Writing at the Start
The physicist Richard Feynman is credited with saying [Source]: "If you think you understand quantum mechanics, you don't understand quantum mechanics." I increasingly feel that the "quantum mechanics" in this sentence could be replaced with "deep learning." Although deep learning has proven its effectiveness in more and more fields, our explainability of it remains quite weak. Of course, in recent years, many efforts have been committed to opening this black box of deep learning, but unfortunately, these works are basically "hindsight" explanations—proposing explanations that barely convince oneself based on existing experimental results, failing to construct and understand the model's principles from the top down, let alone making forward-looking predictions.
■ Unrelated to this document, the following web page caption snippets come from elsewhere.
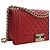 Borsa a tracolla Chanel Boy Flap in pelle Caviar trapuntata Old Medium rossa Rosso - vista 7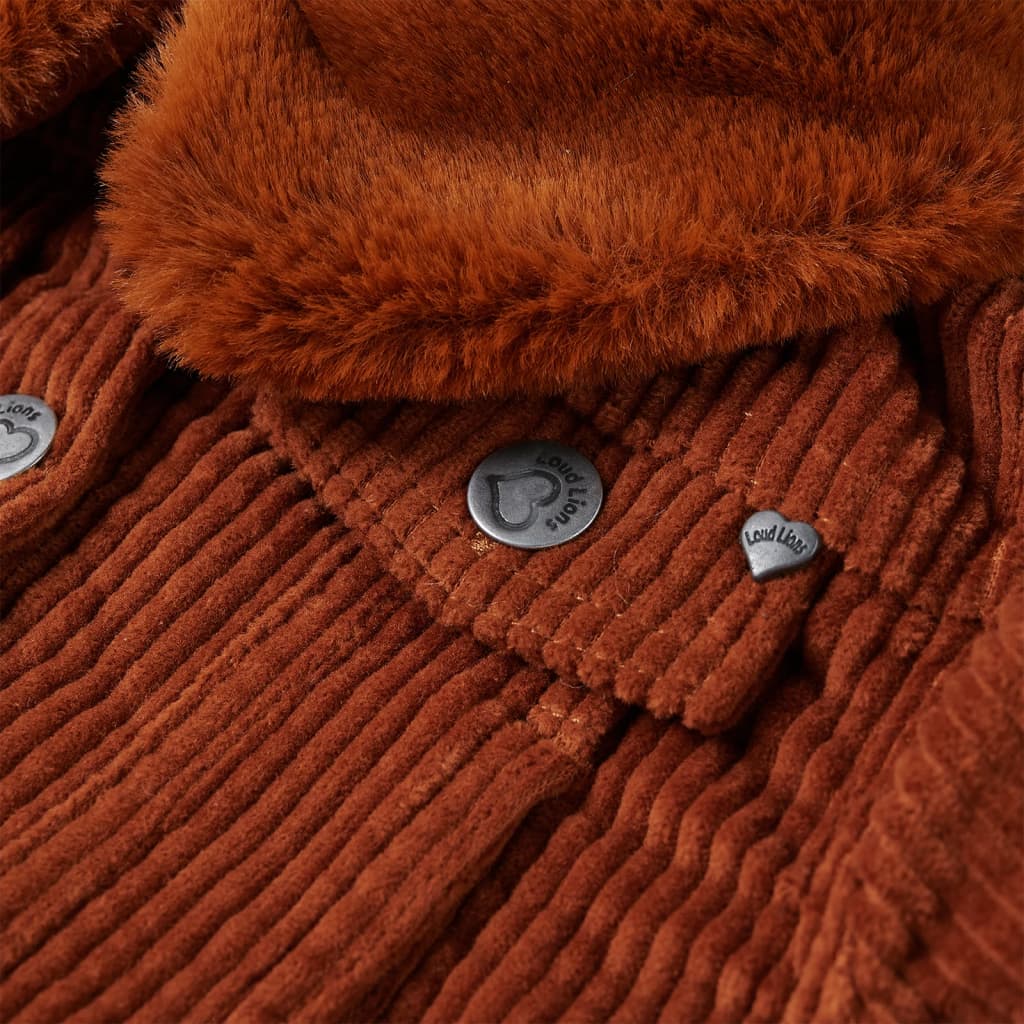 Kinderjacke Cord Cognac 92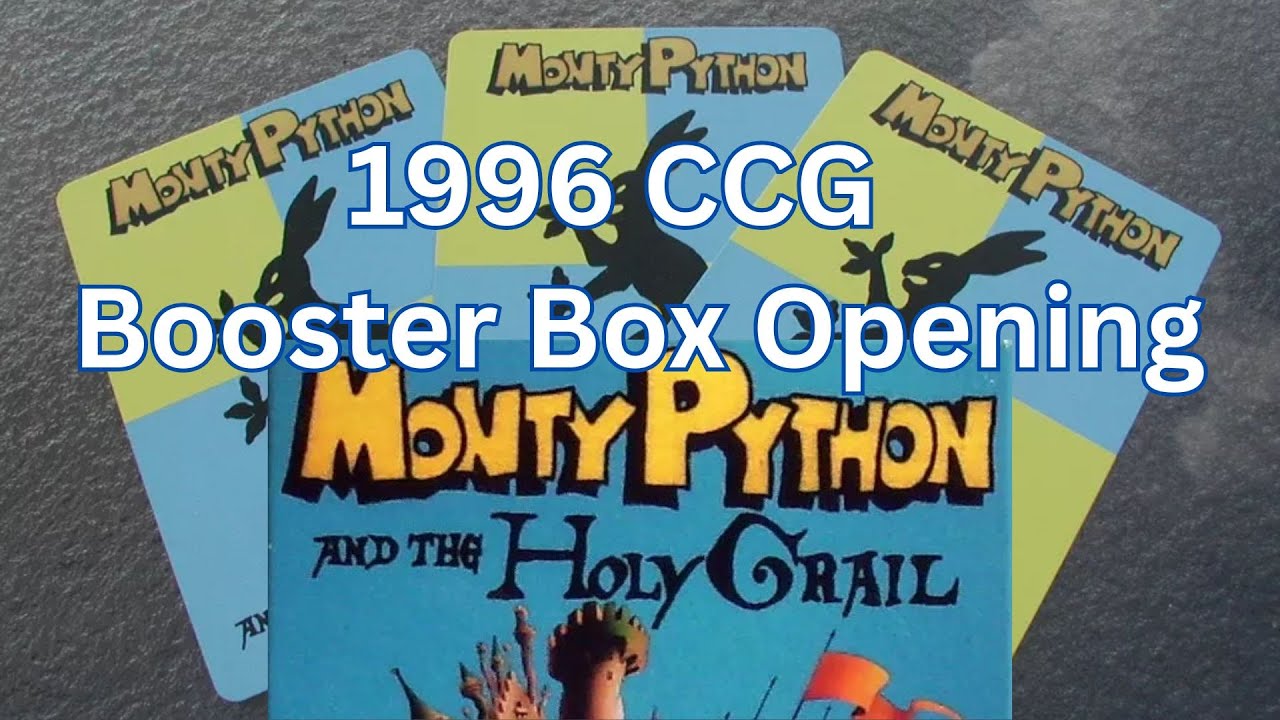 Let's Open Up a 1996 Monty Python and the Holy Grail CCG Booster Box & Starter Deck!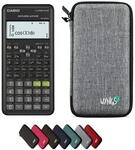 Casio fx-570ES Plus 2nd Edition inkl. WYNGS Schutztasche Hellgrau -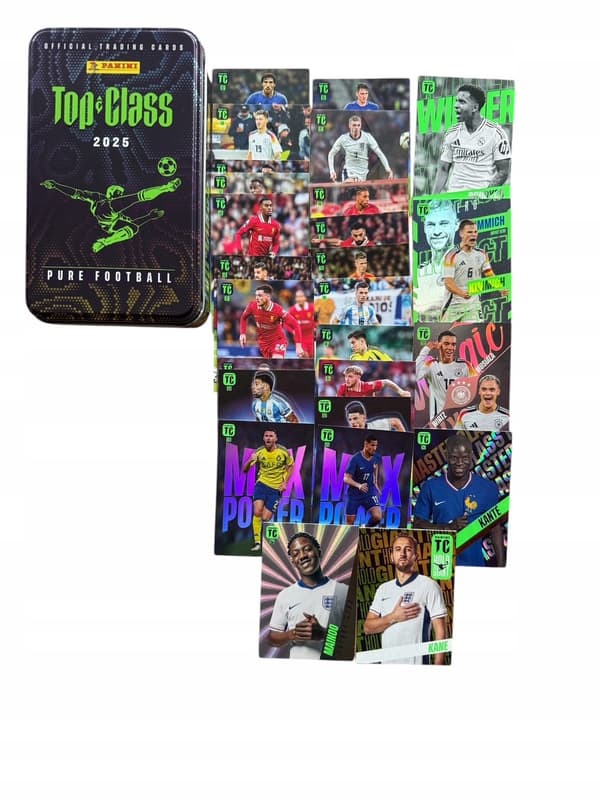 Top Class 2025 Empty Large Tin + 35 cards + Holo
This article focuses on the self-attention mechanism. Intuitively, self-attention is considered one of the more interpretable models; it automatically captures correlations between tokens through self-with-self attention. In fact, in the paper "Attention is All You Need", a seemingly reasonable visualization effect was provided:
Example of Attention visualization in "Attention is All You Need"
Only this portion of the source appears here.